Mounted at /content/drive


### Load Dataset

In [6]:
# Read in all json files into one dataframe
import os

corpus_dir = "/content/drive/MyDrive/capstone/corpus"
corpus_df = pd.DataFrame([], columns = ['content', 'level'])

for filename in os.listdir(corpus_dir):
    if filename.endswith(".json"): 
         file_path = os.path.join(corpus_dir, filename)
         df = pd.read_json(file_path)
         df = df.drop(columns=['source', 'author', 'title'])
         corpus_df = pd.concat([corpus_df, df])
    else:
        continue

print(corpus_df.describe())

                                                  content level
count                                                 308   308
unique                                                308     5
top     Señor, porque sé que habréis placer de la gran...    A1
freq                                                    1    94


In [7]:
corpus_df['level'].value_counts(normalize = True)

A1    0.305195
B     0.288961
A2    0.201299
B1    0.136364
B2    0.068182
Name: level, dtype: float64

In [55]:
labels = corpus_df['level'].unique()
print(labels)

['A1' 'A2' 'B1' 'B2' 'B']


### Split into train, validation and test sets

In [143]:
train_text, test_text, train_levels, test_levels = train_test_split(list(df['content']), list(df['level']),
                                                                    random_state = 2021,
                                                                    test_size = 0.3) #did not include stratify

# split test into validation and test
val_text, test_text, val_levels, test_levels = train_test_split(test_text, test_levels,
                                                                random_state = 2021,
                                                                test_size=0.5)

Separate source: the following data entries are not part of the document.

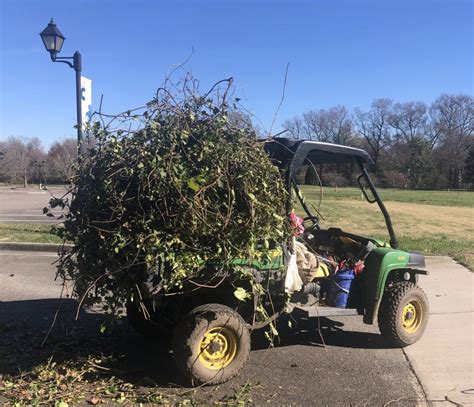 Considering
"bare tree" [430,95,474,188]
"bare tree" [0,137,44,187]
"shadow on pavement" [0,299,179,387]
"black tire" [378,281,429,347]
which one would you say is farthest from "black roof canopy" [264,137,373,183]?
"bare tree" [430,95,474,188]

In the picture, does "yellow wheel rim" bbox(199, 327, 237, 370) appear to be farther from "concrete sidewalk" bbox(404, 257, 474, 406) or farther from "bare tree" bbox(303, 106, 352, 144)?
"bare tree" bbox(303, 106, 352, 144)

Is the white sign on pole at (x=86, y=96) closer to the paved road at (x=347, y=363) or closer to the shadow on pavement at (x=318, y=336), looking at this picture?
the paved road at (x=347, y=363)

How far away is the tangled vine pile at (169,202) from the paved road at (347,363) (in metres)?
1.03

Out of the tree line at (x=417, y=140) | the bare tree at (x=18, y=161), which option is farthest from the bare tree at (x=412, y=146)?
the bare tree at (x=18, y=161)

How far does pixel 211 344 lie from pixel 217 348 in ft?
0.24

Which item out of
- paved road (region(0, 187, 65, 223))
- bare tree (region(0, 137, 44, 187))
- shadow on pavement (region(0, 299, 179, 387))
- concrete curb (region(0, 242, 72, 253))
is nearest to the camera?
shadow on pavement (region(0, 299, 179, 387))

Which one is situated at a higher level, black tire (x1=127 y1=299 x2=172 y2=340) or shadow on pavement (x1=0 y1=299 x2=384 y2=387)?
black tire (x1=127 y1=299 x2=172 y2=340)

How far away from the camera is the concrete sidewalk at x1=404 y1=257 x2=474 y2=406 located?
4.24 m

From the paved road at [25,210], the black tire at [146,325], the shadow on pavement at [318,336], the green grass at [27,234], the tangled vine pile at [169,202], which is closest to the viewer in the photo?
the tangled vine pile at [169,202]

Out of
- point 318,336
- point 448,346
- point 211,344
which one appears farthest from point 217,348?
point 448,346

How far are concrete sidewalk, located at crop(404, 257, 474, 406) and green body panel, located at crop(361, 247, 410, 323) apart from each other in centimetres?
63

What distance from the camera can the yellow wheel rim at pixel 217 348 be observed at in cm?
411

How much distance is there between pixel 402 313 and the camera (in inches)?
201

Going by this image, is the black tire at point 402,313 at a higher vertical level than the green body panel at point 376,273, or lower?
lower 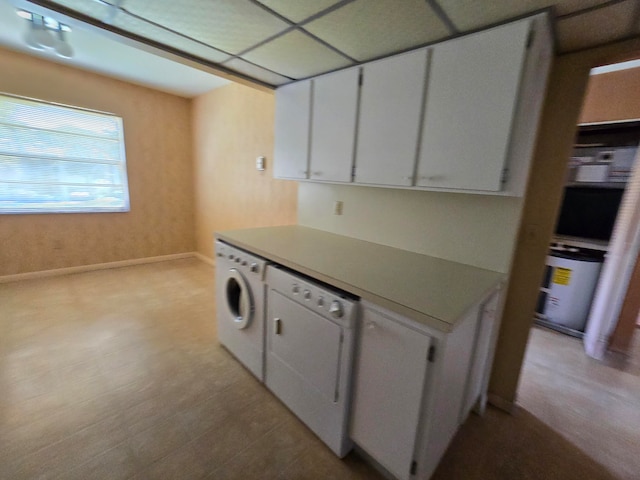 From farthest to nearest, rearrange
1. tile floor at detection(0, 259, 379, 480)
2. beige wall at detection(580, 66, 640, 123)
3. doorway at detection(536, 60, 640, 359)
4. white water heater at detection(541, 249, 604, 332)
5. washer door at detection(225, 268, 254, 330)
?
white water heater at detection(541, 249, 604, 332) < beige wall at detection(580, 66, 640, 123) < doorway at detection(536, 60, 640, 359) < washer door at detection(225, 268, 254, 330) < tile floor at detection(0, 259, 379, 480)

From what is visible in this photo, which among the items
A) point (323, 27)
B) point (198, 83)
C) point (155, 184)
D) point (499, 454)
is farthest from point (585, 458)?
point (155, 184)

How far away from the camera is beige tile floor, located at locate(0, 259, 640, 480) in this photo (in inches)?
52.4

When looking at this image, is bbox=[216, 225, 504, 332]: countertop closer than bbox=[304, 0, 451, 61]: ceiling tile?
Yes

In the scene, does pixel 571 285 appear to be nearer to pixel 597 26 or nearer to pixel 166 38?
pixel 597 26

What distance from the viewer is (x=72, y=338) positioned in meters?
2.25

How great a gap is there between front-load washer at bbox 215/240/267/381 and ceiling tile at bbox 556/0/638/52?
185 cm

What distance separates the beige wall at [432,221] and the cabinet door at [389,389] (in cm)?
80

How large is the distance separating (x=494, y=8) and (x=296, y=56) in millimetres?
1049

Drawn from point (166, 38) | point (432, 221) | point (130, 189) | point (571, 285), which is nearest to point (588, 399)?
point (571, 285)

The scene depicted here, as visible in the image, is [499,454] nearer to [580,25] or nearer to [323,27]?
[580,25]

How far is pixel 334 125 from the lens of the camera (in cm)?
182

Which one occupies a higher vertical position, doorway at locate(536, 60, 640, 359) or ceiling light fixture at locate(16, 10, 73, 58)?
ceiling light fixture at locate(16, 10, 73, 58)

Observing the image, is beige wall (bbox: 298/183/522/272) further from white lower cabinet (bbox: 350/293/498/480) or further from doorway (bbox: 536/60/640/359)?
doorway (bbox: 536/60/640/359)

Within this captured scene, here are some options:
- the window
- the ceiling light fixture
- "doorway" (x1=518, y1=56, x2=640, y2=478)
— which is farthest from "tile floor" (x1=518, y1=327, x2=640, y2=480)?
the window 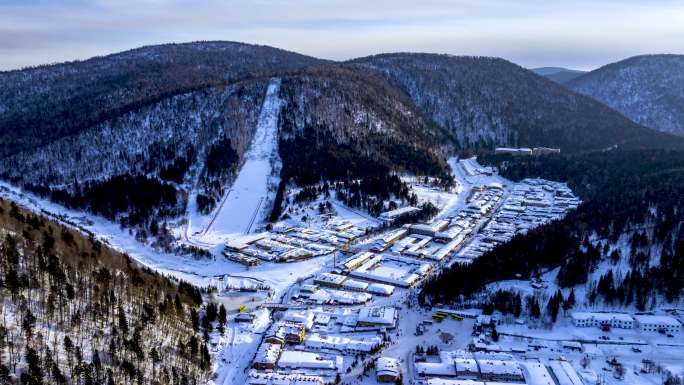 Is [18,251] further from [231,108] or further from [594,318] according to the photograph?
[231,108]

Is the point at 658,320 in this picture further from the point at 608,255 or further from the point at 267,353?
the point at 267,353

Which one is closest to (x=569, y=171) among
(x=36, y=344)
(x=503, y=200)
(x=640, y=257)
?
(x=503, y=200)

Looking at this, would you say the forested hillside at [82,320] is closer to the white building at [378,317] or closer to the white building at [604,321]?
the white building at [378,317]

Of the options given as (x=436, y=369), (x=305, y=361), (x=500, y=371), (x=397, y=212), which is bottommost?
(x=305, y=361)

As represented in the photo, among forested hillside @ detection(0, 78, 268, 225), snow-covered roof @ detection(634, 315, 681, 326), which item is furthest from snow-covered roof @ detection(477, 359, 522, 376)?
forested hillside @ detection(0, 78, 268, 225)

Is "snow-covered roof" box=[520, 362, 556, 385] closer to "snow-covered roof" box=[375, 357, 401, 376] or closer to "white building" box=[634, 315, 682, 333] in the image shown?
"snow-covered roof" box=[375, 357, 401, 376]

End-to-end BERT Classification

In [119]:
model_path = 'dccuchile/bert-base-spanish-wwm-uncased'
# tokenizer from pre-trained BERT model
tokenizer = BertTokenizerFast.from_pretrained('dccuchile/bert-base-spanish-wwm-uncased', return_tensors='pt')
# Define label to number dictionary
lab2ind = {'A1': 1,
           'A2': 2,
           'B1': 3,
           'B2': 4,
           'B': 5}

In [169]:
# Prepare data
def prepare_data(text, levels, max_len = 32):

  # Tokenize text
  tokenized_texts = tokenizer.batch_encode_plus(list(text), padding=True, return_token_type_ids=False, return_tensors='pt')
  print ("Tokenize the first sentence:\n",tokenized_texts[0])
  print(tokenized_texts)
  print(tokenized_texts['input_ids'][0].shape)
  print(tokenized_texts['attention_mask'][0].shape)

  # Create label tensor
  labels = [lab2ind[i] for i in levels]
  labels = torch.tensor(labels)
  print("Labels:\n", labels)

  # Use the BERT tokenizer to convert the tokens to their index numbers in the BERT vocabulary
  input_ids = [tokenizer.convert_tokens_to_ids(x) for x in tokenized_texts]
  print ("Index numbers of the first sentence:\n",input_ids[0])

  # Pad our input seqeunce to the fixed length (i.e., max_len) with index of [PAD] token
  #pad_ind = tokenizer.convert_tokens_to_ids(['[PAD]'])[0]
  #input_ids = pad_sequences(list(input_ids), maxlen=max_len+2, dtype="long", truncating="post", padding="post", value=pad_ind)
  input_ids = tokenized_texts['input_ids']
  print ("Index numbers of the first sentence after padding:\n",input_ids[0])

  # Create attention masks
  #attention_masks = []

  # Create a mask of 1s for each token followed by 0s for pad tokens
  #for seq in input_ids:
  #    seq_mask = [float(i>1) for i in seq]
  #    attention_masks.append(seq_mask)
  attention_masks = tokenized_texts['attention_mask']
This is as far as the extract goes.